With the development of the Artypo technique, motivated by his growing interest in typography (the term combines “art” and “typography”), Mimmo Rotella continued to disrupt and subvert the function of printed advertising posters, by isolating and layering fragments of sfogliacci. Playing with images, modulating them as if in a visual orchestra, the artist gave life to a series of intertwined icons through his compositions of coloured layers.
Demonstrating his own creative use of typographical processes, the artist selected posters amongst those printing proofs typographers would normally discard, which he then either mounted them on canvas or laminated. These proofs – whose function was merely that of warming up printing presses, controlling registers and quality of both colours and images – presented a collection of randomly placed images with areas of overprinting, a superimposition entirely dictated by the element of chance.

Magoo (1966) features layers of advertisement imagery in a composition that pays homage to the Parisian advertising agency “Delpire Publicité”, founded by Robert Delpire.

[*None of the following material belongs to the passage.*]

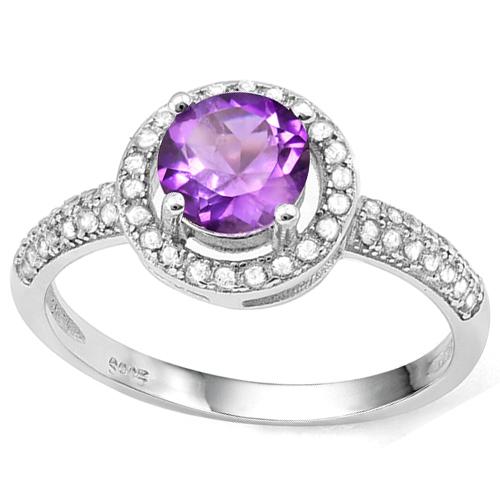 Over 1ctw Amethyst & White Sapphire Halo Ring In Sterling Silver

Combining Rotella’s interest in cinema with his fascination for typography and advertisement graphics, the work merges the printing proofs of an advert for the Azam 6 car by Citroen with the poster for the 1966 film Who Are You, Polly Maggoo?, directed by William Klein. Whilst the original black and white of the film poster is preserved through the production process of the artypo technique, the vibrant colours of Rotella’s appropriation are introduced through different printing proofs of the Citroen advert, glimpsing through the white spaces of the film poster.